Political short-termism and a failure to set a clear strategy for a mass higher education system are among the key worries of Australian university leaders, according to a major report seen as relevant for other nations’ sectors.
Australian Universities at a Crossroads: Insights from their Leaders and Implications for the Future, based on interviews with 117 university and policy leaders, explores the impact of the major turbulence in the country's higher education policies in recent years. A variety of plans have emerged from successive Liberal-led governments to raise fees and cut funding, the latest of which may again not make it through Parliament.
In one section of the survey, respondents rated the importance they assigned to 32 issues. Internationalisation, student learning outcomes, addressing the needs of society and strategic planning “were rated most important for the future of the system”, the report says.
In response to open-ended questions, “numerous leaders raised the need to review and restructure the sector to diversify institutional goals and functions and to seriously consider merging and/or reducing the number of institutions”, the report notes.
One respondent, a senior vice-chancellor, said: “Australia has too many universities for its population.”
Meanwhile on policy, a vice-chancellor from a university in the Group of Eight – which represents research-intensive institutions – said: “The lack of a bipartisan agreement on education being a national priority has been an immense frustration.”

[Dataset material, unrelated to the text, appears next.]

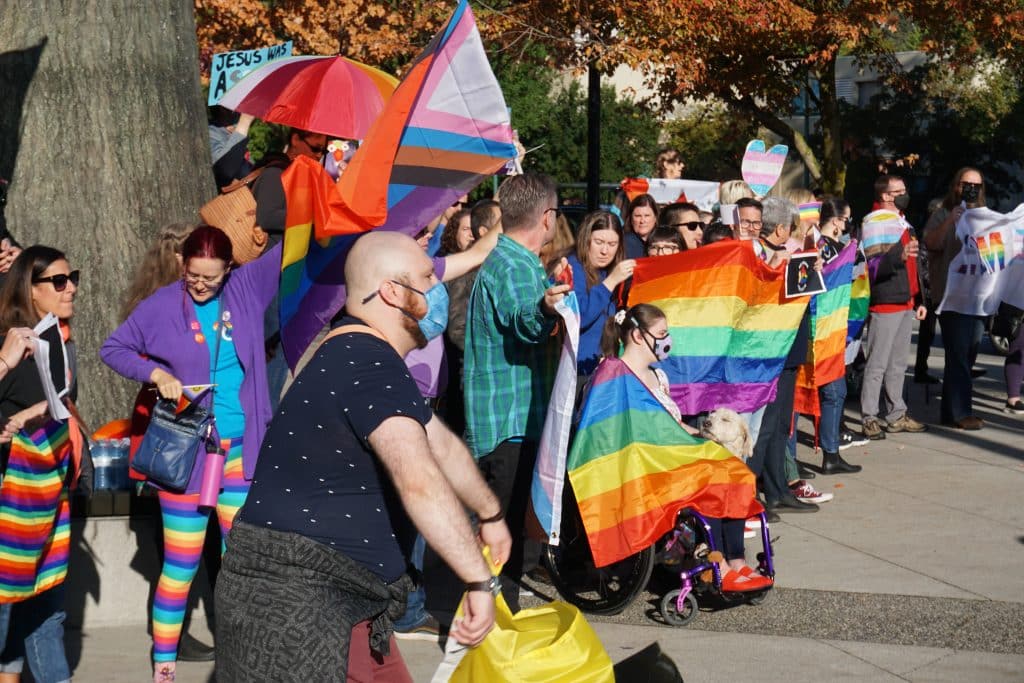 Hundreds of anti-SOGI protesters rally outside city hall, one counter ...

Australia has a system of income-contingent loans and uncapped student numbers similar to England. Another respondent to the study complained that issues around massification have been “left to student choice and so called markets", rather than being the responsibility of a government endeavouring to ensure public good. "What are we producing here? Are we prepared to let certain disciplines fade away? Who has responsibility for the national interest?” the respondent added.
A Group of Eight vice-chancellor said: “I think our trajectory is pretty similar to public universities in the United States and in the UK and Canada so I don’t think there is anything special about us. Government is reluctant to pay the cost of massive expansion.” Australian universities would consequently rely on international student numbers, and on borrowing for the capital spending needed to maintain institutions, the interviewee continued.

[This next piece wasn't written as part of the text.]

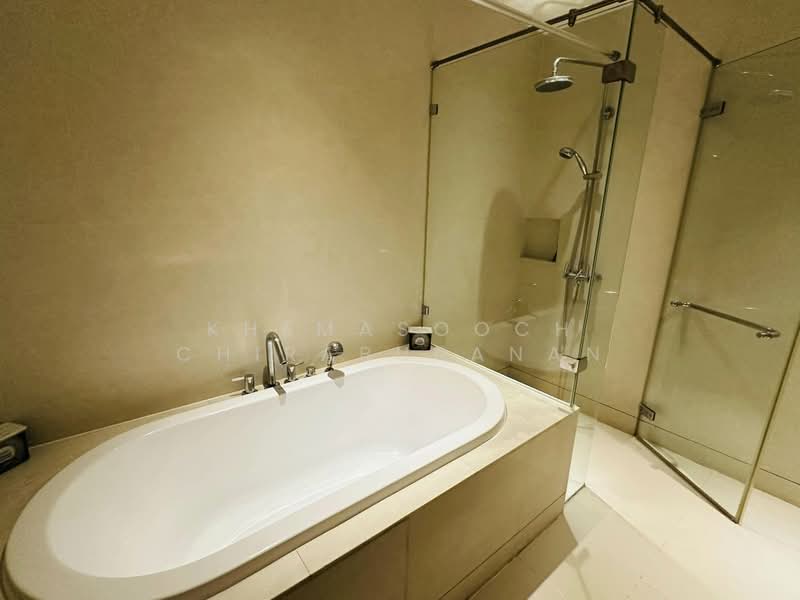 The Emporio Place, Bangkok, 93 Soi Sukhumvit 24, Sukhumvit Road, Khong Tan, Khlong Toei, Bangkok, 1 Bedroom, 83 sqm, Condo For Rent, by Khemasooch Chiraburanan, 500478264 - DDproperty.com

“That is taking us into a very different world: little government income, total reliance on fees, highly geared – so a really disruptive technology could be fantastically difficult to manage in those circumstances,” the vice-chancellor added.

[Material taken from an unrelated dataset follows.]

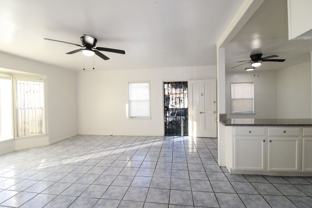2816 W Vernon Ave - Photo 1 of 1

One former institutional leader criticised vice-chancellors over their initial backing for the government's plans to deregulate fees, which were later abandoned, saying they had "lost any moral compass" as a group.
The study's lead authors were William B. Lacy, professor of sociology at the University of California, Davis and affiliated professor at the Center for Studies in Higher Education at the University of California, Berkeley, and Gwilym Croucher, senior lecturer at the Centre for the Study of Higher Education, University of Melbourne.
Professor Lacy told Times Higher Education that the Australian system faced “internal issues...as well as significant external changes, including the global neoliberal transformation of higher education". "Unless successfully addressed, these developments and challenges may inhibit Australian universities from continuing to perform above expectations and as global leaders," Professor Lacy said.
“A big lesson from the report is that leaders across Australian higher education, government and the academy agree it is no longer good enough to look only to the next few years," Dr Croucher added. "A long-term strategic view over the next 15-20 years is unavoidable if universities are to continue to thrive."